Dernier week-end de Janvier, le dernier titre personnel de l'excellent
Bastien Vives fait aussi et sans doute partie de ces titres les plus doux, un album qui peut prouver sans devoir de rédemption que
Bastien Vivés n'est pas seulement un dessinateur du sulfureux et de la provocation.
Cela n'empêche ce dernier week-end de jouer doucement avec la flamme de la relation adultère , la passion amoureuse, voilà un thème qui semble tout de même récurrent dans l'oeuvre de Vivès . Ce dernier album peut ainsi se fondre dans une trilogie débutée par le provocant
Une Soeur et le troublant
le Chemisier. le
Dernier Week-end de Janvier ajoute un nouvel âge à cette passion amoureuse, à ce flirt qui libère, cette fois entre deux adultes : l'un est un dessinateur de bd invité à Angoulème, blasé dans ses séances de dédicaces qui s'enchainent et l'autre est une femme, docteur orl assez classe ne s'intéressant pas forcément au monde de la bd mais dont le mari est un passionné.
A Angoulême, par l'entremet du mari aveugle, ces deux personnes se croisent, se rencontre, se donnez rendez-vous puis s'aiment en secret... Une histoire d'amour bref et intense au dehors du fameux festival de bd.
Le scénario de ce nouvel album de
Bastien Vivès manque de trouble et de nuances comparés à ces autres titres.

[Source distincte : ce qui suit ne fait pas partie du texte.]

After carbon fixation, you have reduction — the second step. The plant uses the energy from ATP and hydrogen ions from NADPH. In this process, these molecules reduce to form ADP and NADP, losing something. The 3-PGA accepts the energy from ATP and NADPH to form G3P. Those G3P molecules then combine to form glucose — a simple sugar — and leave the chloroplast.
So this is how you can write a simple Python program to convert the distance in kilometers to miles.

L'intrigue se simplifie à cette piste qu'est l'adultère traitée toujours avec une certaine douceur et cette liberté chère au dessinateur qui prend ici surtout plaisir à mettre en scène le neuvième art à travers son personnage de Denis Choupin, un dessinateur reconnu et expérimenté mais aussi un peu figé dans ce festival sans surprises où les artistes sont un peu assaillis par leurs fans venu réclamer leurs petits dessins.

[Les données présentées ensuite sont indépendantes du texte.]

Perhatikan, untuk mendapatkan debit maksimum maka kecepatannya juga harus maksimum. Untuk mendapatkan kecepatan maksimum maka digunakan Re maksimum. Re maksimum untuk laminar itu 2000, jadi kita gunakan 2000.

Le personnage du mari trompé est un bel exemple ironique de fan frustré qui envie l'autre côté mais se contente de récolter telles des médailles les nombreuses signatures dessinés de ses auteurs favoris comme un chasseur. Derrière ce personnage de grand naïf obsédé par la bd , Vivès dresse un portrait sans concession du fan aveugle même si l'intrigue se recentre surtout sur ces deux êtres qui se rencontrent à Angoulème. Il continue d'allonger un petit regard critique, notamment sur le manque de dessinatrices à Angoulême par le biais d'une case très significative (" Ah oui, mais il me faut un badge fille...") ou encore des portraits tirés comme l'accompagnatrice aux yeux cernées ou le vieux collectionneur riche avides de planches originales ... En somme,
Bastien Vivès porte un regard amusé mais aussi gentiment critique sur le milieu de la bande dessinée avec une vision plus vraie que nature.

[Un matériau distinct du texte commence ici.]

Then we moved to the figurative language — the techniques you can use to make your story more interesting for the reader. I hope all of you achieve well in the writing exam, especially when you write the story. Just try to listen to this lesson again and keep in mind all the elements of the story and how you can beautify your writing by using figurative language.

Par contre, il n'y a pas grand chose à dire sur cette histoire d'amour, sur ce coup de foudre. Les personnages sont très classiques, voir même clichés entre le quarantenaire aux portes de la cinquantaine qui retrouve une petite jeunesse et la femme classe, sensuelle, à la
Catherine Deneuve. le trait minimaliste et les moments de silence de Vivès qui ne noient jamais ses personnages dans un flot de répliques significatives vient ici conforter l'album dans un trop grand classicisme.
En somme, le
Dernier Week-end de Janvier demeure surtout intéressant pour son cadre et le portrait légèrement au vitriol que Vivès fait du monde de la bande dessinée. Mais derrière cela, on sent que l'auteur a voulu trop adoucir son ton. Il en résulte une nouvelle peinture de la relation adultère, un peu sulfureuse mais moins provocante que dans ses derniers albums. Une bd assez classique qui surprend moins, ce qui est un peu regrettable pour un titre de
Bastien Vivès qui, je l'espère, ne va pas perdre de sa liberté face aux démagogues de la morale.